REQUIRED ACTION: Give the entries again exactly. Skip the pictures.

DATA:
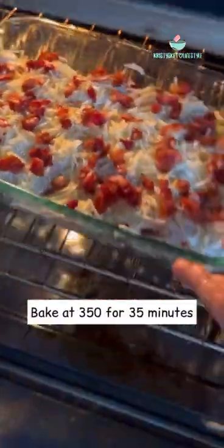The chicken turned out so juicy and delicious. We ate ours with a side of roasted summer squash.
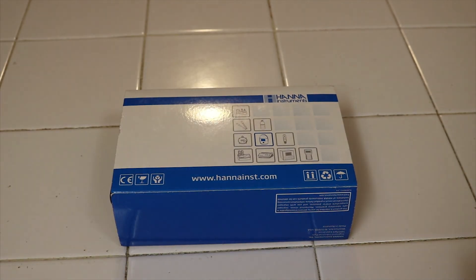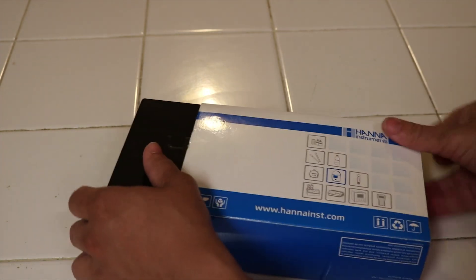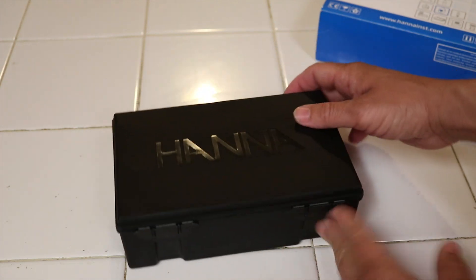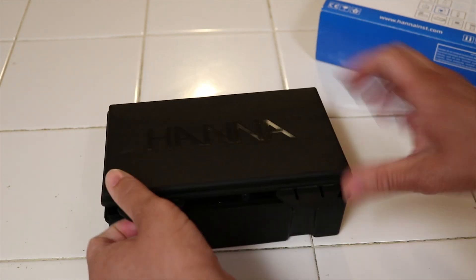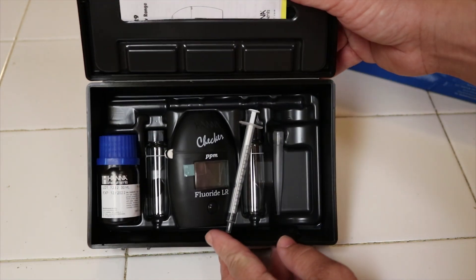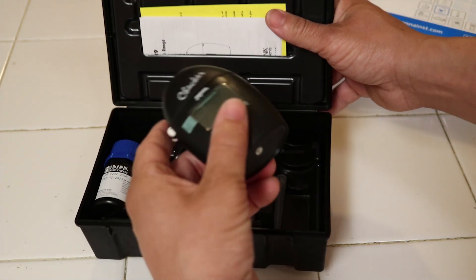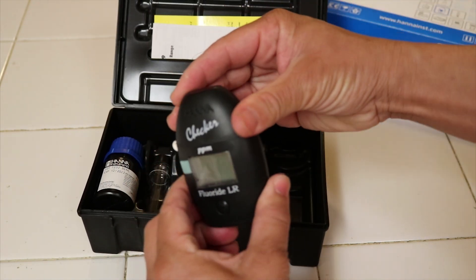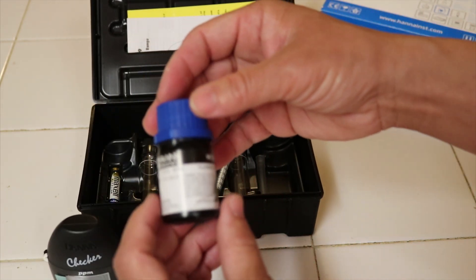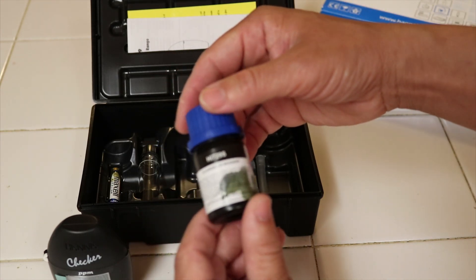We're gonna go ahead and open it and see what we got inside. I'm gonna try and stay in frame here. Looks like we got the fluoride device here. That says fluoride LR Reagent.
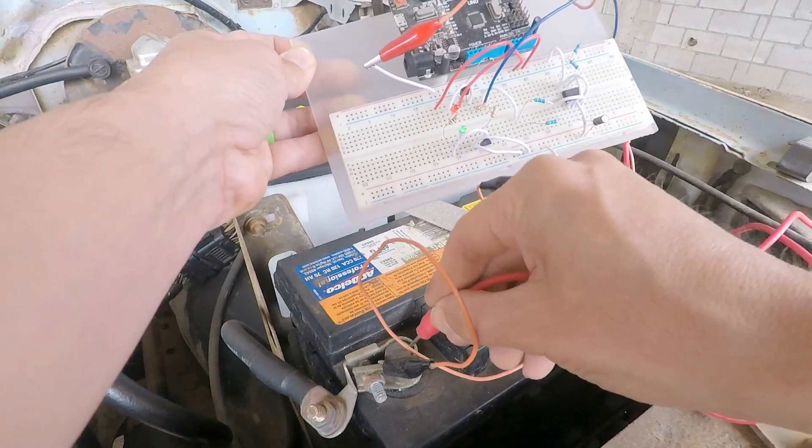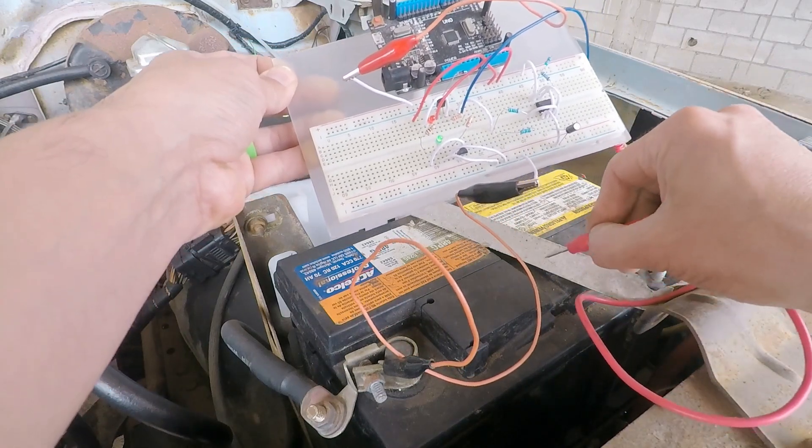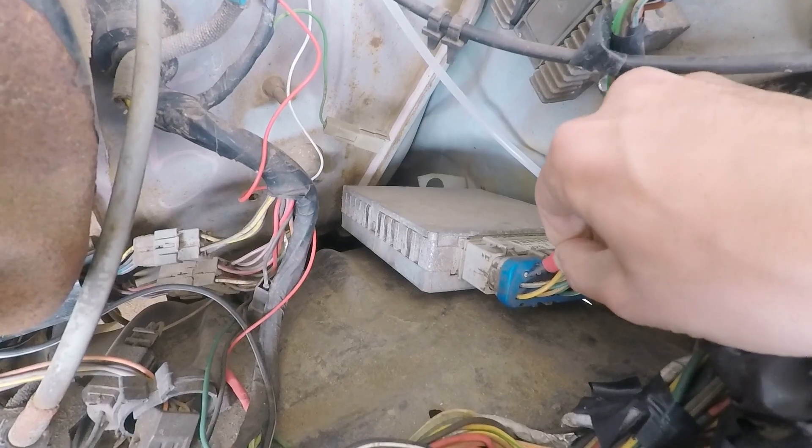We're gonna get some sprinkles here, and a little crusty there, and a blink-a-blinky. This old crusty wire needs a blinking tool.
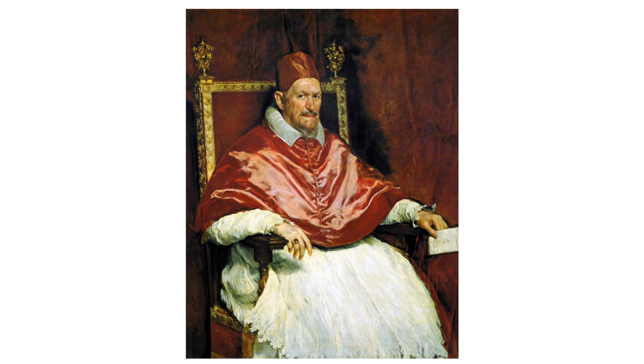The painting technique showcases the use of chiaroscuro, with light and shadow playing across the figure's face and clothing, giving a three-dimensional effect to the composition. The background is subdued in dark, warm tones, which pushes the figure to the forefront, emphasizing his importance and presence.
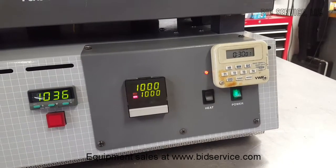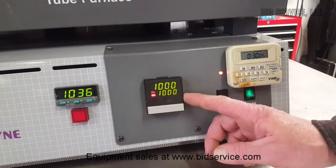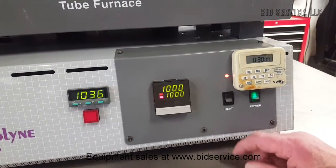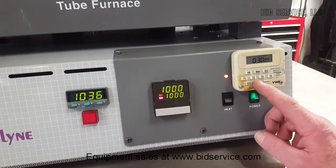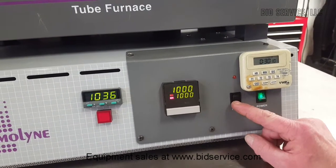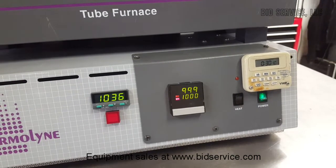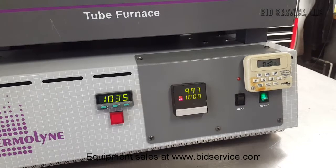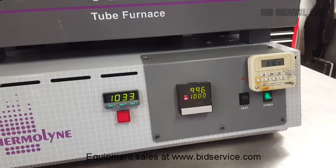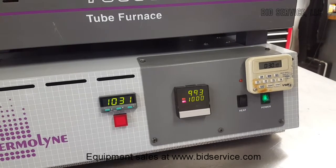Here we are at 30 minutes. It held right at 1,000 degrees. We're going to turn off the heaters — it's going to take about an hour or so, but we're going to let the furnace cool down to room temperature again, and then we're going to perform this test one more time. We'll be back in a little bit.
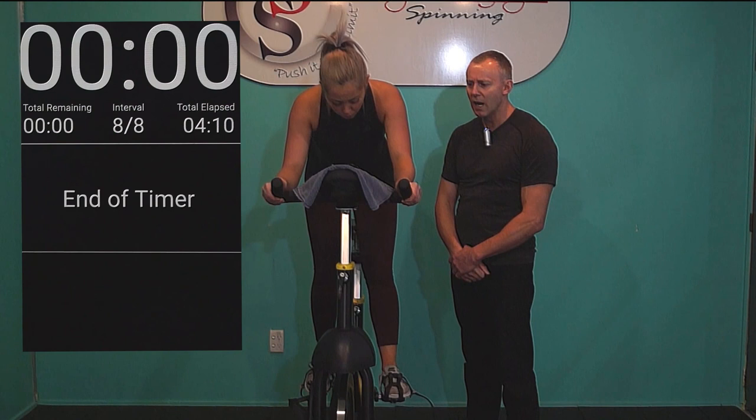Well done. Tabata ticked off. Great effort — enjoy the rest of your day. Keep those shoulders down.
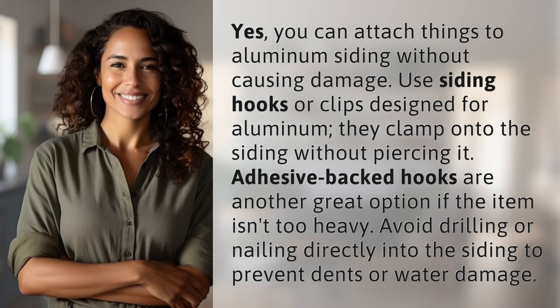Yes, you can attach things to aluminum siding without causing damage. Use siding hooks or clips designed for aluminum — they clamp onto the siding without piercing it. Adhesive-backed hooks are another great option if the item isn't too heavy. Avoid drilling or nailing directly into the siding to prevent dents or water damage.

TASK SOLUTION:
The chicken turned out so juicy and delicious. We ate ours with a side of roasted summer squash.
We're gonna go ahead and open it and see what we got inside. I'm gonna try and stay in frame here. Looks like we got the fluoride device here. That says fluoride LR Reagent.
We're gonna get some sprinkles here, and a little crusty there, and a blink-a-blinky. This old crusty wire needs a blinking tool.
The painting technique showcases the use of chiaroscuro, with light and shadow playing across the figure's face and clothing, giving a three-dimensional effect to the composition. The background is subdued in dark, warm tones, which pushes the figure to the forefront, emphasizing his importance and presence.
Here we are at 30 minutes. It held right at 1,000 degrees. We're going to turn off the heaters — it's going to take about an hour or so, but we're going to let the furnace cool down to room temperature again, and then we're going to perform this test one more time. We'll be back in a little bit.
Well done. Tabata ticked off. Great effort — enjoy the rest of your day. Keep those shoulders down.
Yes, you can attach things to aluminum siding without causing damage. Use siding hooks or clips designed for aluminum — they clamp onto the siding without piercing it. Adhesive-backed hooks are another great option if the item isn't too heavy. Avoid drilling or nailing directly into the siding to prevent dents or water damage.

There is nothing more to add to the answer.